Bien sûr, elle s’est souvent trompée. Trop de noms tombés dans l’oubli figurent dans la liste des Immortels alors que tant de nos écrivains, qui eussent mérité d’y être et parfois même ont proposé leur nom, ont été dédaignés. Balzac a candidaté : il a obtenu moins de cinq voix, dont celles de Victor Hugo et d’Alfred de Vigny. Si l’élection se faisait au poids des voix, écrit André Maurois dans son Prométhée, Balzac eût été élu ; hélas, elle se fait au nombre seul : l’Académie préféra l’auteur d’une histoire de la ville de Naples qui n’aura pas passé l’épreuve du temps… erreur impardonnable ! Quatre fois, elle a rejeté la candidature de Théophile Gautier ; et en 1894, entre Verlaine, Zola et José-Maria de Heredia, elle a honoré le troisième au détriment des deux autres.

Se serait-elle amendée ? Voici qu’elle vient d’élire Éric Neuhoff (fauteuil n° 11) et Florian Zeller (fauteuil n° 14), à la succession de Gabriel de Broglie et d’Hélène Carrère d’Encausse. Deux choix que l’on ne peut qu’applaudir, tant ils semblent mérités. Éric Neuhoff, pétri d’érudition et qui, bon Français, ne craint pas la polémique (mais en France, notait Jean d’Ormesson dans sa biographie de Chateaubriand, la polémique a toujours été très favorable aux écrivains), est aussi l’auteur de quelques romans formidables, et de beaucoup de critiques justes et convaincantes ; Florian Zeller, dramaturge à succès que l’on ne présente plus, réalisateur non moins excellent, dont les œuvres touchent aux sujets les plus tabous mais aussi les plus réalistes, fait rayonner notre langue et notre littérature dans le monde entier. Si le cinéma se veut l’art majeur de notre époque, comme le dix-neuvième fut le triomphe du roman, l’Académie, une fois n’est pas coutume, a voté fort judicieusement. Elle eût pu se compromettre en cédant aux sirènes des auteurs à succès ; ces auteurs, elle ne les a pas non plus méprisés, par une espèce de pédantisme qui eût été inutile et vain. Sans primer les machines à faire des ventes, elle a distingué deux grands noms, qui ne sont pas des poètes de tour d’ivoire.
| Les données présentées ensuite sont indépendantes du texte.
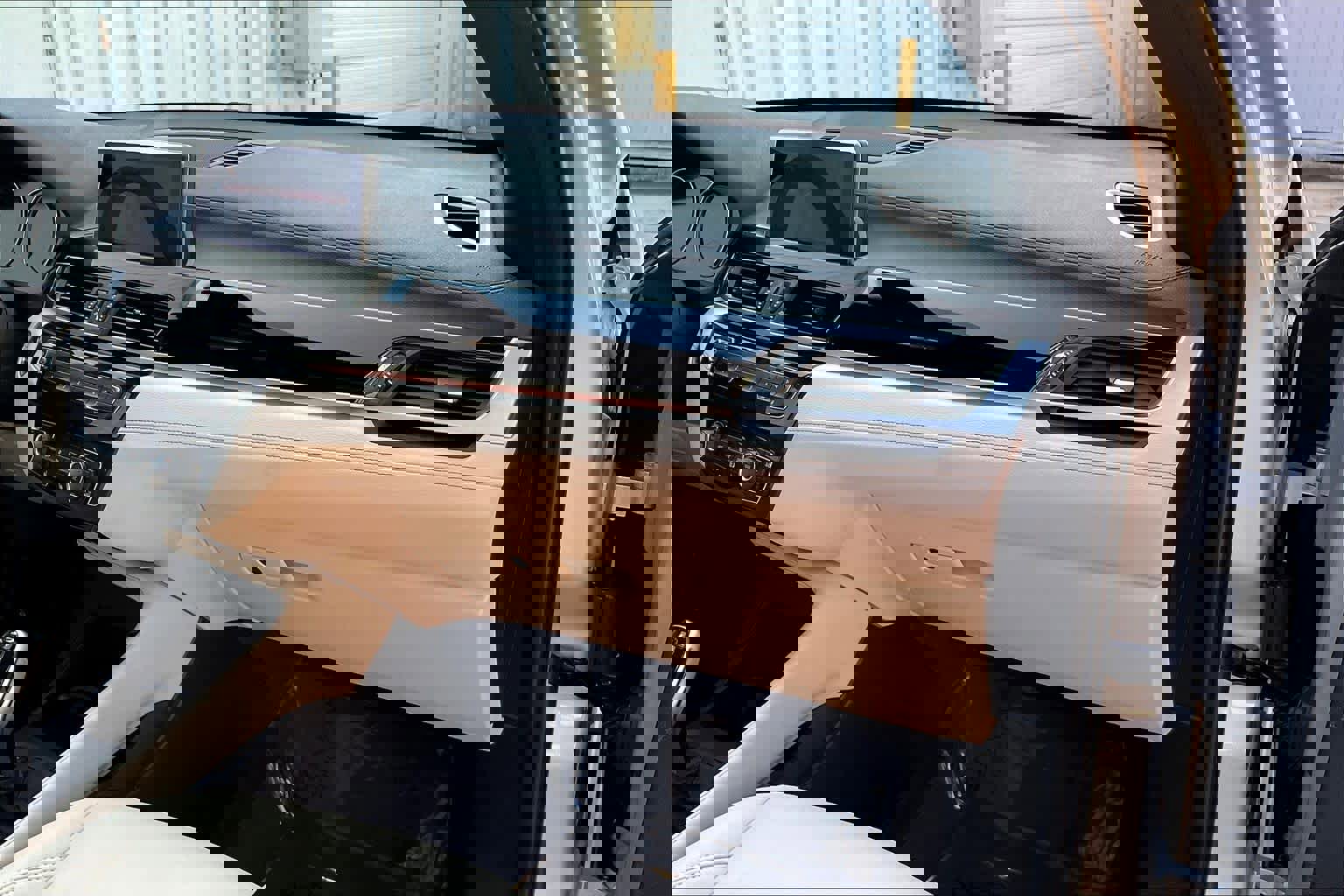 Used 2021 BMW X1 xDrive28i w/ Convenience Package image 15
Je ne sais si Michel Houellebecq a présenté sa candidature. Oserais-je militer en sa faveur ? Son réalisme brutal entre à plein dans notre tradition littéraire : Houellebecq dit le vrai, ce vrai de Balzac sur la femme de trente ans, ce vrai de Maupassant sur l’amour (un piège de la nature, pour forcer la reproduction), ce vrai de tant d’autres, de La Bruyère, de La Rochefoucauld, de Zola, ce vrai qui nous offusque. Ce qu’écrit Houellebecq nous révolte : ce qu’écrit Houellebecq, c’est nous, dans toute notre petitesse. Il fait sa littérature en trompe l’œil, comme Zeuxis peignait des raisins avec une telle précision que les oiseaux venaient les becqueter. Ses romans sont des miroirs : ils nous montrent : nous ne sommes pas beaux à voir. Si Houellebecq restera dans l’histoire de nos lettres (l’un des rares) c’est parce que l’on comprendra l’époque en lisant ses romans, comme on comprend le dix-neuvième en lisant Balzac, « créateur du monde moderne » (B. Cendrars). Et quelle époque : pornographique et consumériste, industrielle, libertaire et globalisée, décadrée, déprimée. Quelle tristesse, et quelle vérité, des Particules élémentaires à Anéantir, en passant par La Carte et le territoire !

Mais pas plus longtemps, ne faisons de l’ombre à MM. Neuhoff et Zeller : ce sont eux que l’Académie a décidé d’accueillir en son sanctuaire : inclinons-nous, car ces choix forcent le respect.